Федор Гладков - Повесть о детстве
Однажды в полуденный час, когда все гурьбой шли домой меж коноплей, бабушка вдруг запела, высоко подняв голову: "Подуй, подуй, погодушка..." Мать и Катя с охотой подхватили первые же слова, и их голоса с сердечной теплотой полетели по конопляным волнам. Мать пела высоким голосом и смотрела на небо. Катя, серьезная, суровая, пела низким альтом, словно и в песне хотела показать всем, что она сильна, что она сама хозяйка своей судьбы. Дедушка шел впереди зыбким шагом и, когда женщины запели песню, снял картуз, схватился за бороду и остановился. Должно быть, эта песня встревожила его и разбудила давно уснувшие образы далеких дней минувшего. К моему удивлению, он, сжимая кривыми пальцами бороду, со скорбной улыбкой, встряхнув головой, запел высокой фистулой в тон бабушке. И мне почудилось, что все вздрогнуло и вспыхнуло вокруг, и стало вольготно и чудесно. Улыбаясь, покачивая головой, он играл голосом, украшал его переливами, вскриками и вздохами. А бабушка смотрела на него со слезами на глазах.

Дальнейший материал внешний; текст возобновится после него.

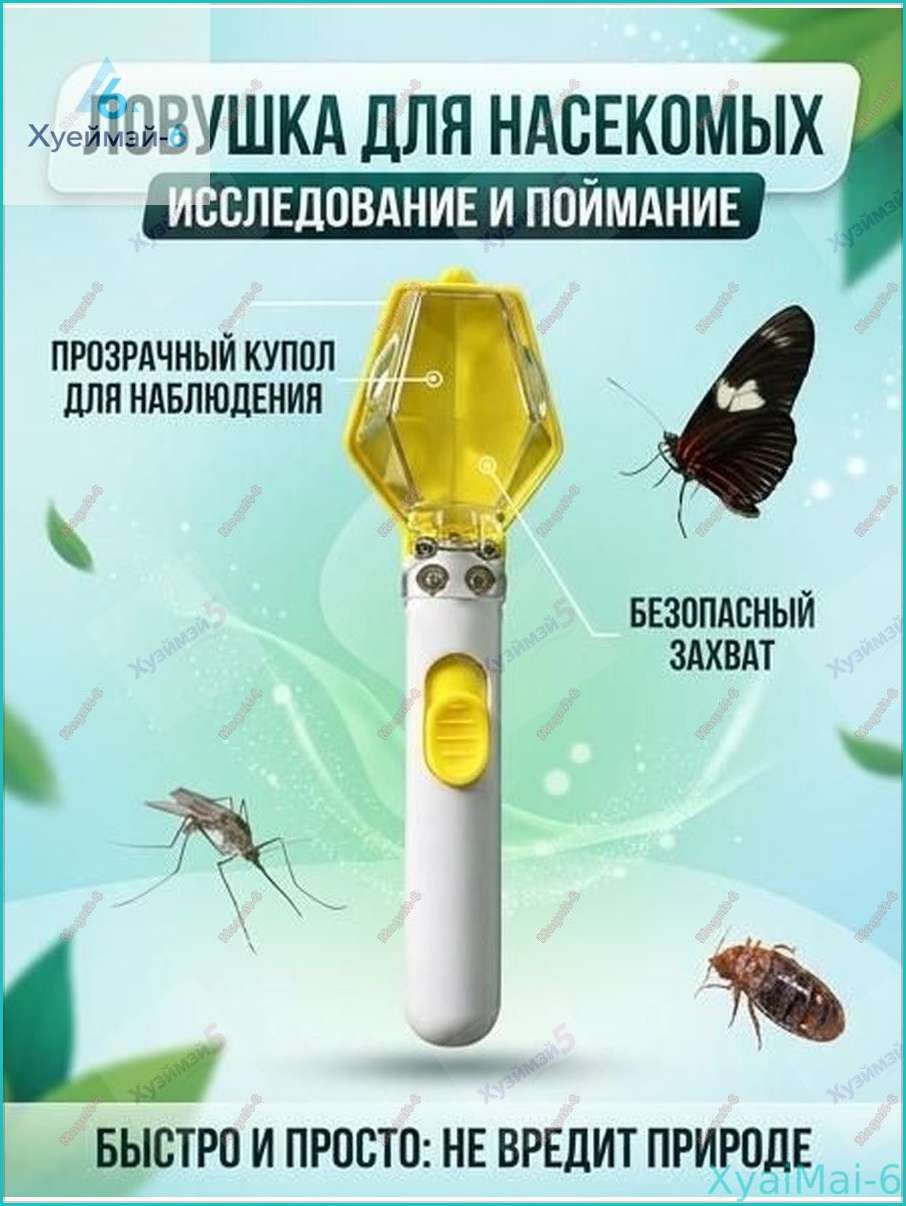 Новинка!Ловушка для насекомых с 6-кратным увеличительным стеклом изучения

Отец шел вместе с Сыгнеем впереди, а Тит и Сема убежали раньше. Вероятно, отца с Сыгнеем поразил дедушка.
Что случилось с грозным и благочестивым стариком, который терпеть не мог песен в дому? Они прибавили шагу и, не оглядываясь, быстро скрылись в зарослях черемухи на усадьбе. Уже у самых кустов я услышал басовитый голос Паруши. Она рыла картошку на своей полоске.
- Эх, Фома, милый ты мой!.. Аннушка! В кои-то веки!
Сорок грехов с вас снимается, что вспомнили нашу молодость.
Она -выпрямилась, большая, могучая, и растроганно улыбалась нам.
А когда мы вышли на улицу, дед опять потух и насупил брови.
- Ну, будет вам горланить-то! Идите проворней! Ш стол собирайте! После обеда работы невпроворот: надо успеть нынче две копешки обмолотить. Ветру нету - веять не придется.
Песня оборвалась, и опять стало буднично и тускло. Но мать все днч до отъезда из деревни не потухала: лицо ее светилось какой-то затаенной радостью, а в опечаленных глазах горел огонек нетерпеливого ожидания. Отец ходил споро и уверенно и держался независимо.
Кончилась молотьба, зерно засыпали в амбар. Надо было выезжать в поле поднимать пары. На черемухе зажелтели листочки, и в небе появились холодные, размытыг облака. И вот в один из таких дней мы собрались в путь.
Пристал к нам и Миколай Подгорное. Поехали мы не на своем мерине, а на возу Терентия. Он вместе в братом вез на двух телегах сырые кожи в Саратов от Митрия Степаныча, а оттуда должен привезти товар для лавки. Миколал уезжал в Астрахань, как обычно, один, без жены.
Паруша шла вместе с бабушкой, массивная, тяжелая, но рука ее была легкая, ласковая, когда она гладила меня по плечу.
- Ну, вот и вырвали тебя с поля, лен-зелен... И будет носить вас ветер-непогодь по чужой стороне. А чужая-то сторона неприветлива. Ну, а при горе-тоске не плачь, а спой песенку с матерью: "Хорошо тому на свете жить, кому горе-то - сполагоря..." Дай вам господи счастье найти!..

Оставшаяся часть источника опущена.